As we wonder what this new year will bring us, we have the poet’s warning words before us: the beginning full seldom matches the end. That wisdom’s embedded in the start of the poem, when we see King Arthur anxious for some action despite his pleasure in the feast enjoyed by his fellow knights:
what he liked the least
was to sit still watching the seasons slip by.
With the drama that would then ensue with the Green Knight’s dramatic entrance, there’s an unspoken admonition to Arthur (and to us): Be careful what you wish for.
As critics have pointed out, the poem is open-ended.6 And perhaps it reminds us that life is, too. Choices have to be made, just as Gawain made them, just as I did on that road to the Pacific coast many years ago (they were mostly bad ones). And to paraphrase the Karen Solie poem I quoted from in the epigraph: Things could go either way.
Now that the turning wheel of time has tipped over into the new cycle of a new year, it will continue to pose us its questions, but like the poem, it leaves us with the chance to create our own answers.
The poem ends as it began with the fall of Troy:
Since fearless Brutus first set foot
on these shores, once the siege and assault at Troy
had ceased,
our coffers have been crammed
with stories such as these. (2524-8)
The knights—and winter nights—carry on as before, but the warnings of this and other stories may soon be forgotten.
Troy fell. As will Camelot, along with other cities and even great empires.
But so too, the poem suggests, will winter end and a new cycle of life and death begin.
We don’t know who wrote the poem. The same person possibly wrote three other long poems, Pear, Patience, and Purity, all found in the same manuscript and probably composed in the second half of the 14th century in England. The poet is usually referred to as “the Gawain-poet.”
Literally, "in peril, and pain, and very hard plights." For the original text, I’ve used my battered copy of JA Burrow’s edition for Penguin English Poets (1972).
Unless stated otherwise, I’ve used Simon Armitage’s excellent 2009 verse translation for modern English quotations from the text. If you wish to read the poem, I suggest you use that version. These lines are 37–40 in the Kindle version.

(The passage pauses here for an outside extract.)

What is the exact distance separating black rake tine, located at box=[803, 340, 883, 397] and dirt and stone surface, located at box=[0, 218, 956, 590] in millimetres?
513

This is the version by WA Neilson. Lines 497-99. I prefer this rendering of the pivotal line 499: “The forme to the fynisment foldes ful selden” (this is a good example of the alliterative style of the poem). However, Armitage’s line 498 is more evocative: "But each year, short lived, is unlike the last.”

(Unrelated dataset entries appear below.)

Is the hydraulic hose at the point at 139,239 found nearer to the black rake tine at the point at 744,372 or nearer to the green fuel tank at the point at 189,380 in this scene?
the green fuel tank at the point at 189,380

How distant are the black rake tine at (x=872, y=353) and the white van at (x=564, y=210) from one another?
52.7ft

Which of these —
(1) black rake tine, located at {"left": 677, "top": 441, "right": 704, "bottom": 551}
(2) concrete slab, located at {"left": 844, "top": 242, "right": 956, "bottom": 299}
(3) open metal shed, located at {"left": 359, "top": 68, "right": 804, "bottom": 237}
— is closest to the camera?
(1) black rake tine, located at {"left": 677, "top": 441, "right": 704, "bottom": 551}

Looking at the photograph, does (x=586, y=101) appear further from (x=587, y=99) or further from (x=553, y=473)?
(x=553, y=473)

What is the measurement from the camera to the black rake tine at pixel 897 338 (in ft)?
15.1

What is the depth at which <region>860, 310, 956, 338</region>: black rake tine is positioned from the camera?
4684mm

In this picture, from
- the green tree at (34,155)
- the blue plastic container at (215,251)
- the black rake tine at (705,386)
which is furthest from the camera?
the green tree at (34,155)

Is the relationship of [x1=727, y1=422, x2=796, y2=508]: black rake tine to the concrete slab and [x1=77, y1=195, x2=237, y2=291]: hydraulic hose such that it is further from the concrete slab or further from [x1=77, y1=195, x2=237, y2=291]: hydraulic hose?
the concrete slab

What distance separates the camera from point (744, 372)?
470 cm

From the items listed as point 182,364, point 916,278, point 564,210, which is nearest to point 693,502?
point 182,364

For example, see The Gawain Poet by AC Spearing (Cambridge University Press, 1970). P.236
Jeffery, I must confess that when I first read the title, I thought it'd be a (boring) scholarly reading ... and within the first couple of paragraphs, you proved me wrong!
Such a great article on literature, history, and humanity, and a great message to start the year 2025. Thank you!
I've only read Tolkien's version when I was a child: appropriate because today is his birthday!